Before watching this documentary about monogamy, romantic relationships, open marriages, and polyamory, look through these assorted cultural myths and choose the ones that are in sync with your ideas on marriage:

  • All you need is love.
  • When you've lost that loving feeling, it's gone, gone, gone.
  • Commitment means staying together no matter what.
  • Good relationships require more effort than they're worth.
  • Sex is more important than security and sacrifice.
  • Variety is the spice of life.
  • There's no point in sticking with an unhappy marriage.

Following his divorce, Tao Ruspoli, an independent filmmaker, sets out to make a documentary that takes a hard look at monogamy and other options in modern-day society.

The filmmaker examines the zany bits and pieces in his own family tree including his father, an Italian prince, and his grandfather, a Spaghetti Western star, who sought out passion and adventure in their love relationships. Ruspoli spends a lot of time interviewing sex advice columnist Dan Savage who speaks out for those who take chances on free love and other tradition-breaking erotic experiments.

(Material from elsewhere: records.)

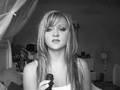 Singing Along with DanJT87- Umbrella Acoustic Version.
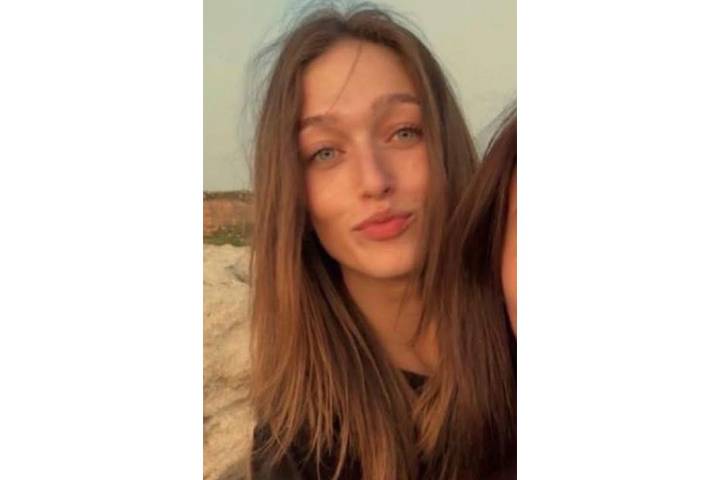 Cause of Death Revealed for 20-Year-Old Found in Car Days After Vanishing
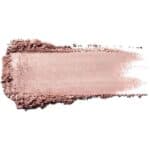سایه چشم تکی گلدن رز سری Nude Look شماره 02 رنگ Caramel Nude — تصویر ۶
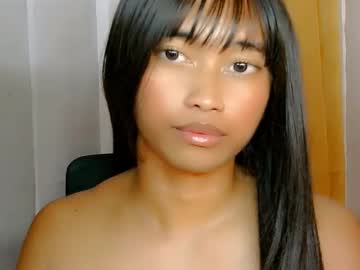 ur sexyllie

What Monogamish comes down to is the idea that monogamy is "not a problem you solve, but a paradox that you manage."

In an interview, Ruspoli sums up what he learned in this quest:

"We have tendencies in both directions. We want to pair up with people, we want to make commitments to each other and have a sense of safety and security. But we also have other desires to explore, have a sense of mystery in our lives and obviously keep our sexuality alive. So the question is, how do we negotiate all these tensions?"